Friday, 26 October 2018

HALLOWEEN (2018)


Directed by: David Gordon Green, Starring: Jamie Lee Curtis, Judie Greer, Andi Matichak. Horror.  US 2018, 106mins, Cert 18.

This review contains spoilers.

Following the opening credits, a couple of true-crime podcasters drive out to Laurie Strode’s fortified farmhouse on the outskirts of Haddonfield. Via intercom they try to persuade Laurie (Jamie Lee Curtis) to grant them an interview without success until they offer her money, at which point the barbed wire entry fence slides open. If ever there was a metaphor for this clunky cash-grab retcon then surely this scene is it.

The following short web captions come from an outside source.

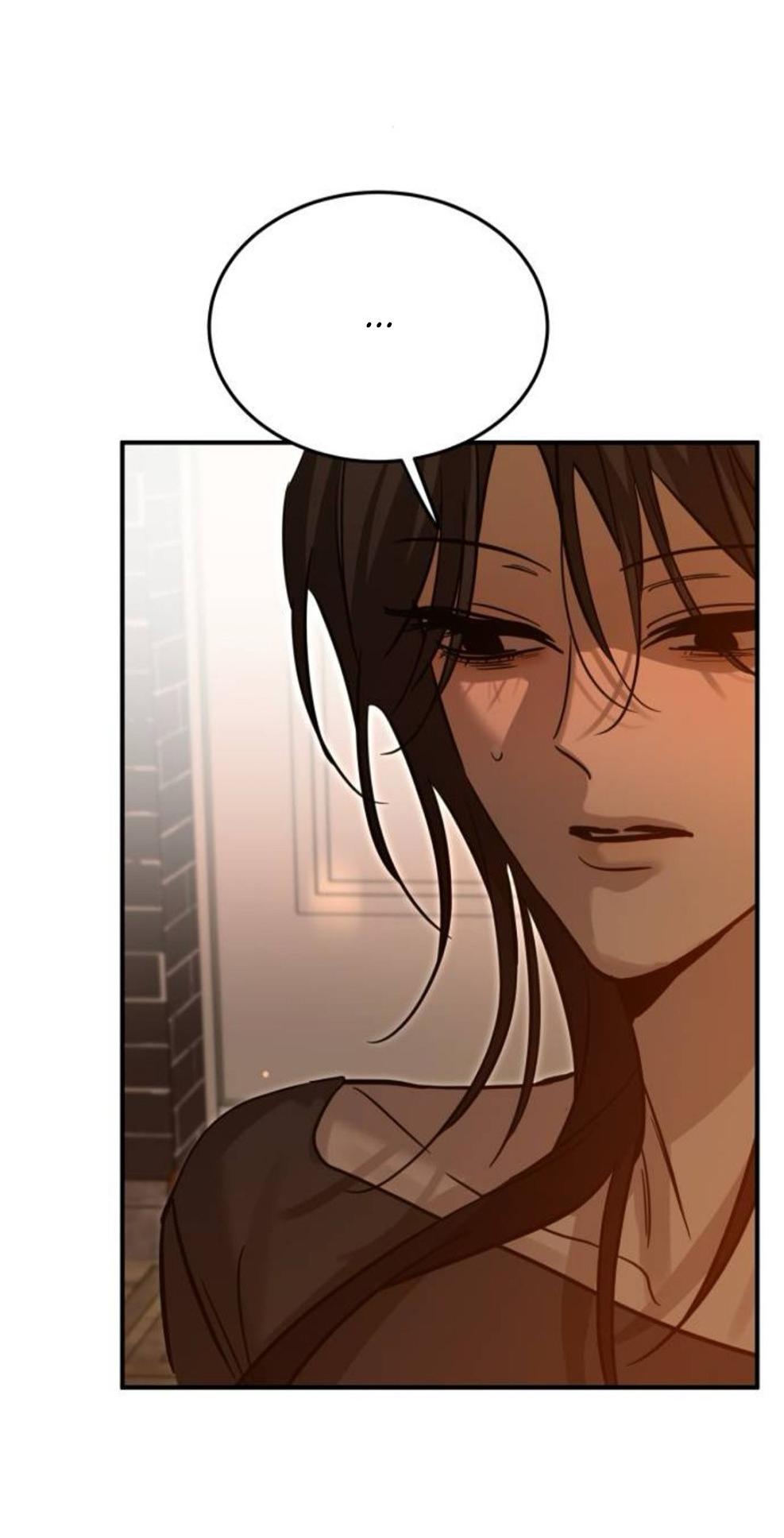 Read Жестокие твари Manga Online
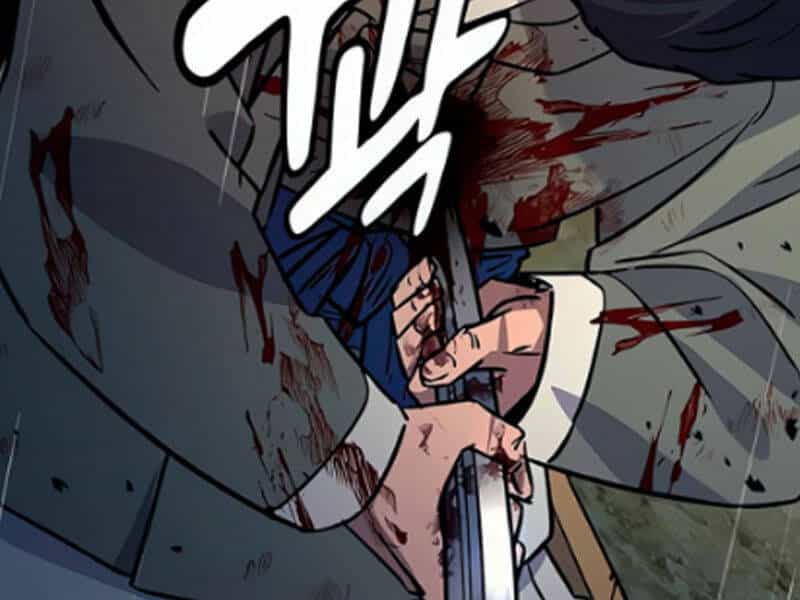 Bác Sĩ Tới Joseon - Chương 25 - ảnh 134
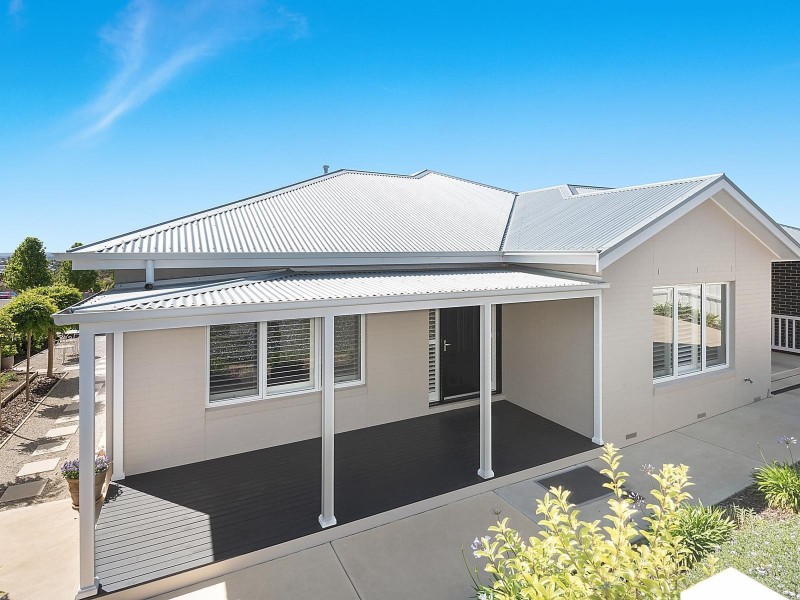 21-23 Lapin Grove, Wandana Heights VIC 3216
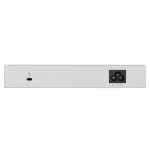 Contrôleur D-Link DNH-100 Nuclias pour 100 APs 1G LAN 1 SD 1 USB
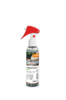 STIHL Varioclean ECO 150 ml Spezialreiniger Flasche mit rotem Sprühkopf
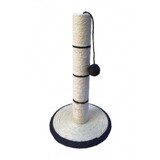 Papillon Pet Products Krabpaal Italië Papillon Pet Products Krabpaal Italië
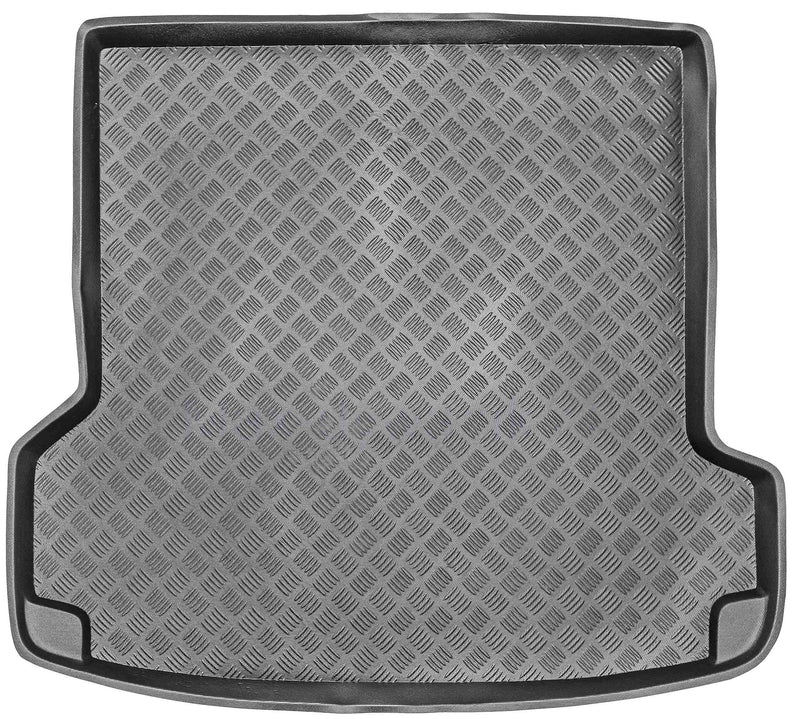 Șină suport Mix-Plast pentru Skoda Octavia I break (1997-2004)
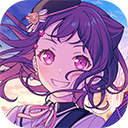 邦邦音游下载 v7.6.1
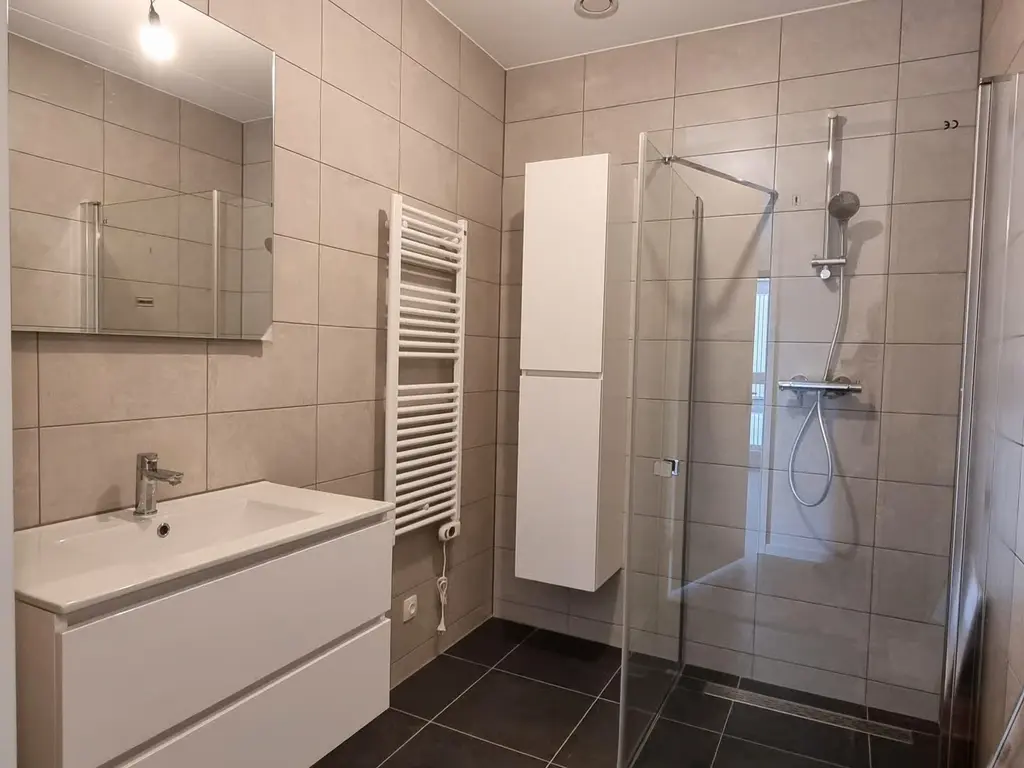 Kop van Noord , TERNEUZEN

Director David Gordon Green and fellow writers Danny McBride and Jeff Fradley (who between them have zero previous genre experience) eschew everything from the last minute of Carpenter’s original right through to all the insipid sequels that followed in its wake. By doing so this allows them to ignore HALLOWEEN II’s soap-opera reveal that Laurie was Michael’s sister. It also gives them a free pass to drop HALLOWEEN 4’s lame take that Laurie died in an off-screen car crash, and consign to fandom history Laurie’s (on-screen) death at the hands of brother Mikey at the beginning of HALLOWEEN: RESURRECTION. Not to mention HALLOWEEN 6’s cult of Thorn druid nonsense – so let’s not.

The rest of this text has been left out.